On Saturday, a Los Angeles-based trade group representing the adult-film industry called for a nationwide moratorium on productions due to a possible syphilis outbreak. The temporary stop in filming would allow the “entire population” of adult-film performers - more than 1,000 people - to be tested, the Free Speech Coalition (FSC) said on its website.
“A determination will be made by the doctors on the appropriate time to lift the moratorium as more information is revealed,” FSC said.
One day earlier, the Los Angeles County Public Health Department announced an investigation of a cluster of possible industry-related syphilis cases.
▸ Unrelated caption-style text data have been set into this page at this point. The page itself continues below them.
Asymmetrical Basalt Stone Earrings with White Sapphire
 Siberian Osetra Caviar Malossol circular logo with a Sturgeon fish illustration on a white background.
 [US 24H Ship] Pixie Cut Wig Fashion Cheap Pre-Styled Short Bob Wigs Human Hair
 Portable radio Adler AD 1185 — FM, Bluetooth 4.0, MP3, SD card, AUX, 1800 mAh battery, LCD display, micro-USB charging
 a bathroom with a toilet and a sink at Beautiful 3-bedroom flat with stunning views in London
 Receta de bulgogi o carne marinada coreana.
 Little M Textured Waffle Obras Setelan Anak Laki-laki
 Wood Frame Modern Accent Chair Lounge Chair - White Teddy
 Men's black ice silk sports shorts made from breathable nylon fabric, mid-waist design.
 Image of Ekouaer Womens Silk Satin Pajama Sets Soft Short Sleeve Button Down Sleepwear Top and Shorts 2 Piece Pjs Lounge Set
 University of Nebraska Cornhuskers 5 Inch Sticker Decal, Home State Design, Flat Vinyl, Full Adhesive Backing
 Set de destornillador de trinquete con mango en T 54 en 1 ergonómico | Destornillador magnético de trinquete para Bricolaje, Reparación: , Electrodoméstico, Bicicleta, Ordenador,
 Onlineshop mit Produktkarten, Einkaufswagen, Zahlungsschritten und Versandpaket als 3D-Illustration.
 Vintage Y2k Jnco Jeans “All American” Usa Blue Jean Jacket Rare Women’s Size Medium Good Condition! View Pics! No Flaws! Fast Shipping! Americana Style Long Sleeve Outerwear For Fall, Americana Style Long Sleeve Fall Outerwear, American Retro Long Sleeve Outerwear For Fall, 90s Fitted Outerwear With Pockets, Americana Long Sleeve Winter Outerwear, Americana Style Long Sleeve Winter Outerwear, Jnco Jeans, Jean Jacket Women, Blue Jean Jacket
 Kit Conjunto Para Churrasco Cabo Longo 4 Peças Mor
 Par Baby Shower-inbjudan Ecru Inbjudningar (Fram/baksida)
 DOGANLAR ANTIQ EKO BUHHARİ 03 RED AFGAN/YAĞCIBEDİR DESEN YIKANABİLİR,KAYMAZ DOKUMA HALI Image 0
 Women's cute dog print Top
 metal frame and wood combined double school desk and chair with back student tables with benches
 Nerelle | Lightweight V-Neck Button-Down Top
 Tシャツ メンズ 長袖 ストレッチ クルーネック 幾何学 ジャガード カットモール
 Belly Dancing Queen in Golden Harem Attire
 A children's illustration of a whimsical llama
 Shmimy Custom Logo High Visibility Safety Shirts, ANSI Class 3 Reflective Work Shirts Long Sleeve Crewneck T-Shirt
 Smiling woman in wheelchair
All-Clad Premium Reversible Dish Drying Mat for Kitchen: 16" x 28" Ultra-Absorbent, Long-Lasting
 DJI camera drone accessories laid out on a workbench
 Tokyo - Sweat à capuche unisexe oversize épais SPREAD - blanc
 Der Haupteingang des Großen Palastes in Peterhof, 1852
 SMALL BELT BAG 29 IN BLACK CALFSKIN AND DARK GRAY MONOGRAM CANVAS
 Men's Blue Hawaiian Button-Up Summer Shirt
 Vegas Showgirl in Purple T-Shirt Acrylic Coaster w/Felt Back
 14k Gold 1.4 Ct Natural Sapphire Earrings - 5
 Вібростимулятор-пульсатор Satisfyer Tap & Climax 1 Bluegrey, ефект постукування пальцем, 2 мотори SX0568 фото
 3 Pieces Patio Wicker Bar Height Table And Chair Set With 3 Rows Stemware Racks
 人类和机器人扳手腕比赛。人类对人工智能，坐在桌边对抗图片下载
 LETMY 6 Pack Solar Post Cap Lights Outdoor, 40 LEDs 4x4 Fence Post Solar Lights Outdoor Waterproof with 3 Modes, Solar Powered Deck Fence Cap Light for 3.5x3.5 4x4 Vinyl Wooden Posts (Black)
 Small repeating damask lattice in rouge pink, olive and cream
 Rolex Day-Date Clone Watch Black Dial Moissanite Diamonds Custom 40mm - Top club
LACPHD said it had received reports of at least five cases involving adult-film performers within a week.
The president of the AIDS Healthcare Foundation, Michael Weinstein, said Monday the issue proves the adult-film industry cannot self-regulate. “I can’t think of any other [workplace] where there’s an acceptable level of transmissible diseases as a normal course of business,” AHF General Counsel Tom Myers said. “We don’t settle for that in food preparation. We don’t settle for that in factories.”
Los Angeles city officials hope residents will approve Measure B, a countywide proposal on the Nov. 6 ballot requiring condom use for adult-film sex scenes. The city earlier this year passed an ordinance for adult-film production inspections, and Measure B would allow the county health department to conduct them. Plans on an enforcement strategy are making progress, Weinstein said.
FSC Executive Director Diane Duke would not agree to an interview, but in a statement criticized the creation of “new bureaucracy” as a waste of taxpayer resources amid city service cuts and budget problems.
Adult-film producers make performers pay for their own STD testing and require syphilis screening only twice a year, Weinstein said.